It’s well known that many of the big tech companies are now eyeing the Metaverse as the next stage in the development of the internet but what’s less well known is that countries and governments are also planning to enter the space.

Why Do Countries Want To Enter The Metaverse?

The Metaverse offers countries a multitude of ways to grow and develop local industries whilst also heightening levels of citizen engagement. Governments around the world have already spent millions developing VR/AR applications to provide training for public sector workers and to help connect remote regions to each other and the government itself.

The Metaverse is simply the next stage in the use of technology to bolster the economy and improve worker education. The training within a virtual world offers a much greater degree of freedom for the trainee and can be more immersive than that offered in the real world, given the lack of real life consequences for any mistakes made.  A study by the University of Maryland even found that people retain information better when learning in a virtual one rather than on a screen.

The Metaverse will also be crucial to economic growth as the transition from the physical world to a digital one accelerates. A report by Analysis Group found that the Metaverse’s contribution to global GDP by 2031 could be as high as 2.8%, mostly within the Asia-Pacific region.

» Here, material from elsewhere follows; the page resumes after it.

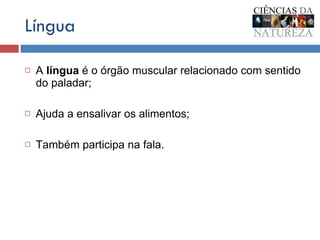 Língua A  língua  é o órgão muscular relacionado com sentido do paladar; Ajuda a ensalivar os alimentos;  Também participa na fala.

How much the Metaverse will contribute to GDP if adoption begins in 2022.

Countries want to help develop the Metaverse due to its importance to the growth of the global economy and its potential to improve the lives of citizens and their participation in a democracy.

Which Countries Have Developed Projects in the Metaverse?

Many countries have already made their first steps into the Metaverse. Singapore has created a virtual replica of the city to help designers visualize growth in response to population changes and new developments. Saudi Arabia has done something similar for its futuristic “linear city” of Neom to allow people to experience it before it’s even finished.

Virtual Singapore
Saudi Arabia’s futuristic city of Neom in the Metaverse

Barbados became the first country to open an embassy in the Metaverse at the start of 2022. Gabriel Abed, the leader of the project believes the embassy is insignificant relative to the potential of the Metaverse to revolutionize diplomacy, saying “The embassy is a small thing.

The big thing is what governments can do together when land is no longer physical land and limitations are no longer part of the equation.”. The embassy is built in Decentraland and features a virtual teleporter and e-consular services.

Despite Seoul already being one of the most connected cities in the world, it will become even more so with the “Metaverse Seoul” project. The South Korean government aims to use virtual reality to improve city services including planning, administration and eventually adding support for virtual tourism.

The CIO of Seoul Smart City Policy, Jong-Soo Park, has said it will do so by making it easier for citizens to connect with government services and each other. The project is estimated to take 5 years and will even include virtual coworking spaces for citizens as well as AI assistants.

There’s already dozens of ways countries are building projects in the Metaverse to improve citizen access to public services and to help in city planning. However, as the Metaverse is still under development, the potential is limitless and largely unpredictable. It might one day be used to virtually address citizens and allow millions to participate in public gatherings or political debates from their homes. It’s already easy to imagine a virtual UN conference between governments taking place some time this century.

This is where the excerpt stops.